И Фрэнсис Дрейк исчез в дверях.

Всеволод Ревич

TÊTE-À-TÊTE...

Техника — молодёжи № 7, 1964

Рис. Е. Медведева

Фантастический рассказ

Как он их, а? Молодец! Изящно, тонко, въедливо. Молодец, профессор, молодец. Ах, молокососы, ах, мальчишки, ах — как это по-современному? — да, стиляги. Увлеклись модной новинкой, и готово дело — весь предшествующий опыт человечества, значит, побоку, на слом? Нет, каковы? И Красовский тоже хорош. Услышал слово «кибернетика» и помчался молиться этим кибернетическим попам. Лба не разбей, батюшка. Ки-бер-не-ти-ка! Обрадовались. Ну, ладно, кто вам мешает, решайте себе на здоровье на своей кибернетике всякие там задачки, штучки-дрючки, синусы-минусы. Но при чем же здесь духовный мир, нежность, эмоции, тонкость переживаний? Есть же еще на свете какие-то святыни, талант, вдохновение, экстаз, росистые утра — приходят какие-то сопляки и объявляют все это ерундой, которую можно свести к математической формуле, ал… ал… какому-то ритму. Ритму! Что это вам, танцевальная площадка? Рок-н-ролл? Но Красовский, Красовский хорош! «Шире применяйте счетные машины для изучения творческого процесса». Творчество, милые, дело святое, и не лезьте вы туда ради бога лапами жестянок.

Сердито стуча палкой по мостовой, почтенный профессор, доктор филологических наук Леонид Александрович Бурый шел навестить своего больного друга. Мокрая февральская пурга совершенно анархически носилась по улицам. Большие хлопья снега бросались на людей, как отвязавшиеся цепные псы. Но профессор не замечал ничего.

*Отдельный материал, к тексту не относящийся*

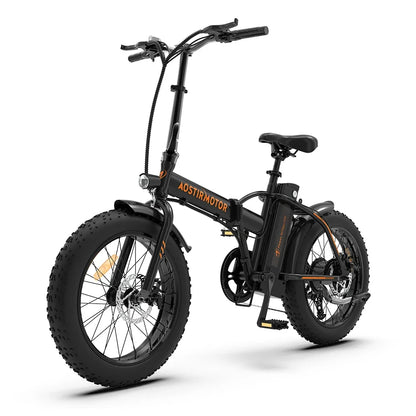 Portable Electric Bike 20" Fat Tires 500W Motor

Утром в газете появилась статья Л. А. Бурого «Опомнитесь, милые!» Сказать по правде, название придумали в редакции, сам профессор озаглавил статью так: «Против опошления высоких понятий». Но получилось неплохо. Эти младшие научные сотрудники из редакции тоже кое-что смыслят.

Профессор слышать не мог слова «кибернетика». Когда же кто-нибудь заговаривал о том, что машины могут творить, то профессор просто начинал кричать, что, вообще говоря, было ему совсем несвойственно. Человек — это звучит гордо, и вдруг на тебе… Машина! Стихи, сочиненные электромотором, гипотеза, выдвинутая перегоревшей пробкой. Тьфу! Когда его старый соратник, коллега по университетской скамье, Женька Красовский полез туда же, чаша профессорского терпения переполнилась. Он взялся за перо и показал им, где раки зимуют.

Профессор долго беседовал на посторонние темы с заболевшим товарищем. Ему не хотелось волновать больного, затрагивая то, о чем он говорить спокойно не мог. Его друг лежал на диване, полуприкрытый клетчатым пледом, разноцветной бахромой которого профессор механически поигрывал, и все шло очень мирно до тех пор, пока в комнате не появился сын его друга.

— Боже мой, Володя, — сказал профессор, — сколько же времени я тебя не видел! Лет пять, наверно. Как ты возмужал: мужчина, настоящий мужчина. Да, Иван, нам с тобой пора уже и в кладовочку. Пора… Пора…

— Что вы, что вы, Леонид Александрович, — с преувеличенной вежливостью возразил Владимир. — Зачем вы так уж. Есть, как это говорится, порох в пороховницах. Ведь это же ваша статья напечатана сегодня? Великолепно написано. Такая строгая доказательность, такая логичность, и стиль превосходный. Для меня эта статья была просто находкой.

— В какой же связи? — благодушно спросил профессор. Он понимал, что юноша из деликатности говорит слишком комплиментарно. Но все равно ему было приятно.

— Видите ли, Леонид Александрович, я сейчас занимаюсь такой наукой — вы, возможно, слышали краем уха — математической логикой. И давно я уж не встречал лучшего примера несостоятельности формальной логики, чем ваша статья.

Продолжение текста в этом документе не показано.